*YOUR INSTRUCTIONS*
Copy the data precisely, character for character, and leave out every picture.

*STORED DATA*

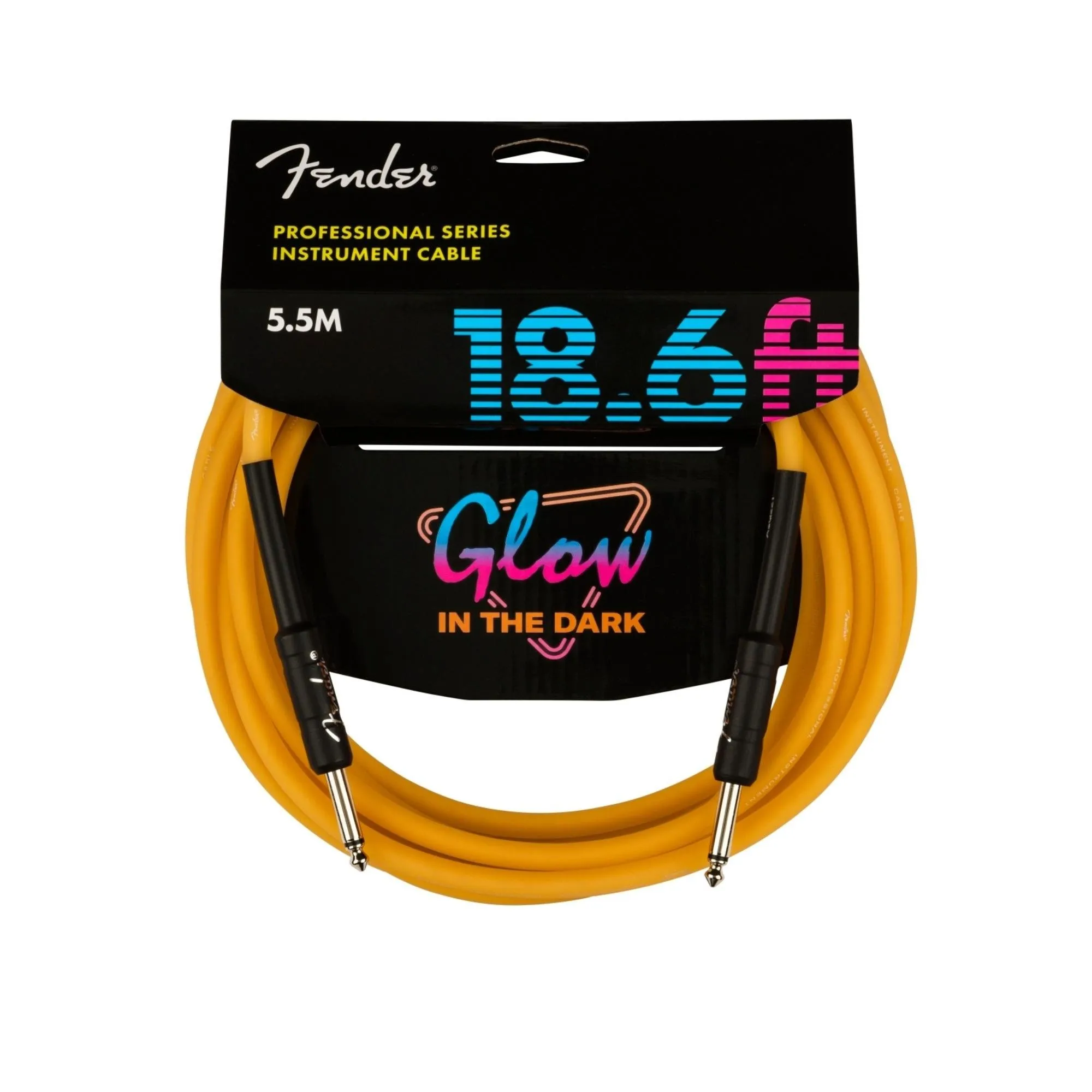 Cabo Fender para Instrumentos 5,5M P10 Professional Series Glow In The (82508)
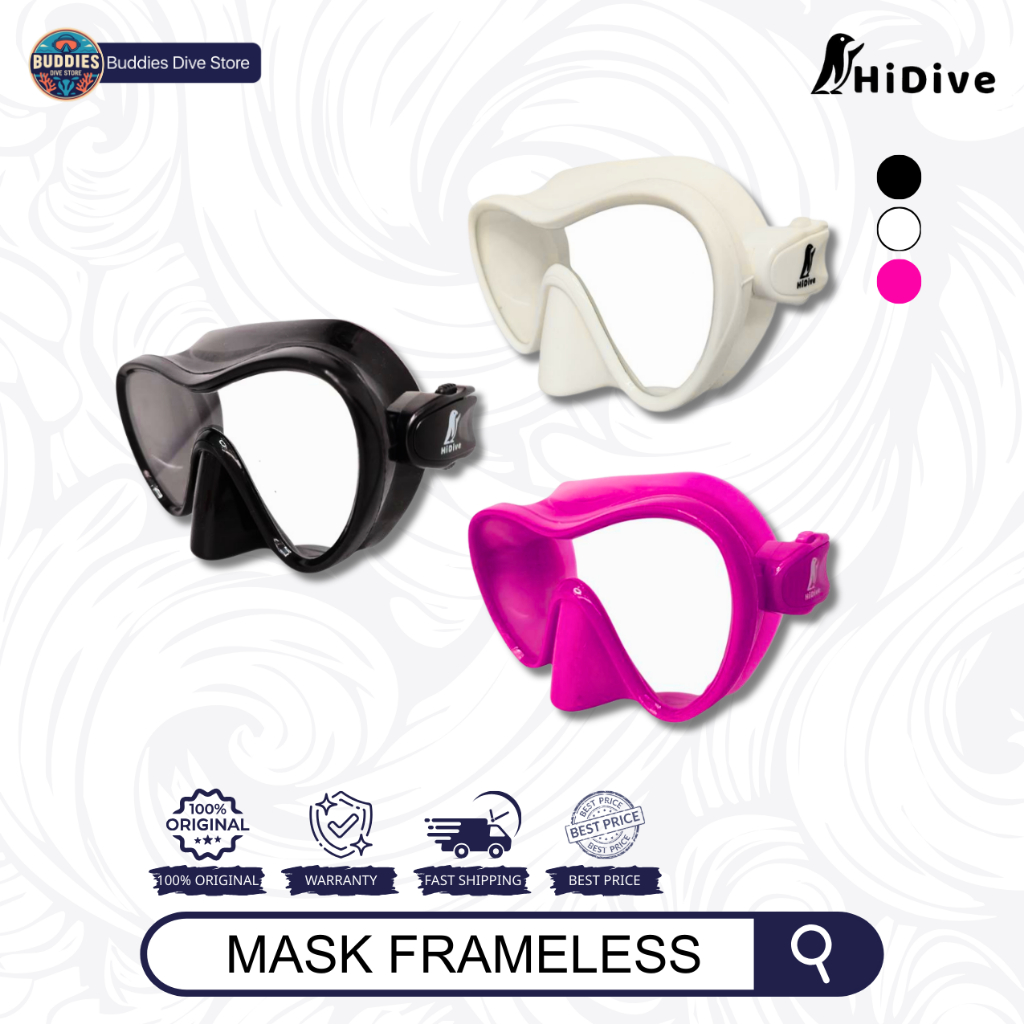 HiDive Mask Frameless - Scuba Diving Mask
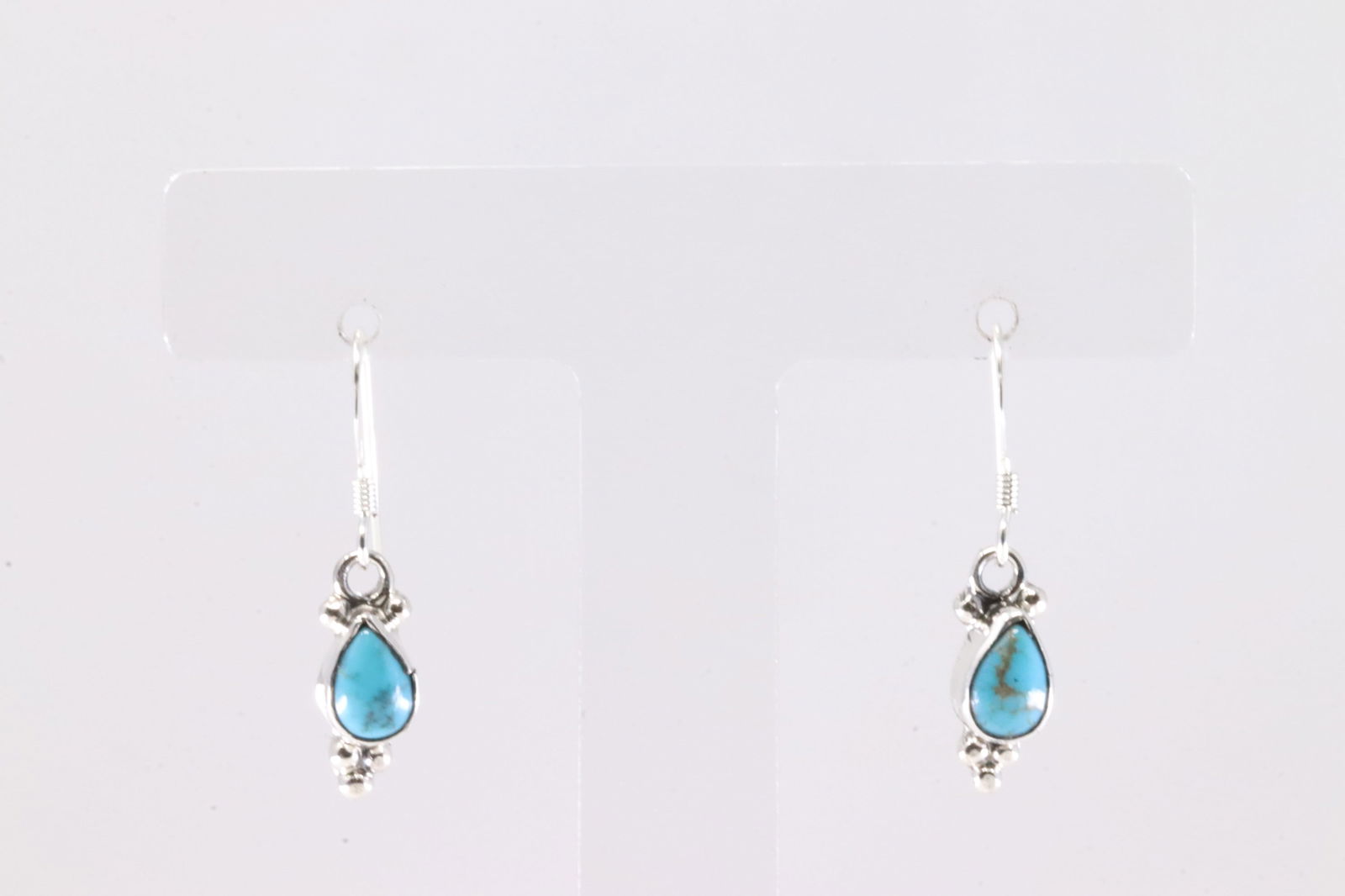 America Sterling Silver Turquoise Dangling Earring's.: This is a America Sterling Silver Turquoise Dangling Earring's.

*RESPONSE*
 Cabo Fender para Instrumentos 5,5M P10 Professional Series Glow In The (82508)
 HiDive Mask Frameless - Scuba Diving Mask
 America Sterling Silver Turquoise Dangling Earring's.: This is a America Sterling Silver Turquoise Dangling Earring's.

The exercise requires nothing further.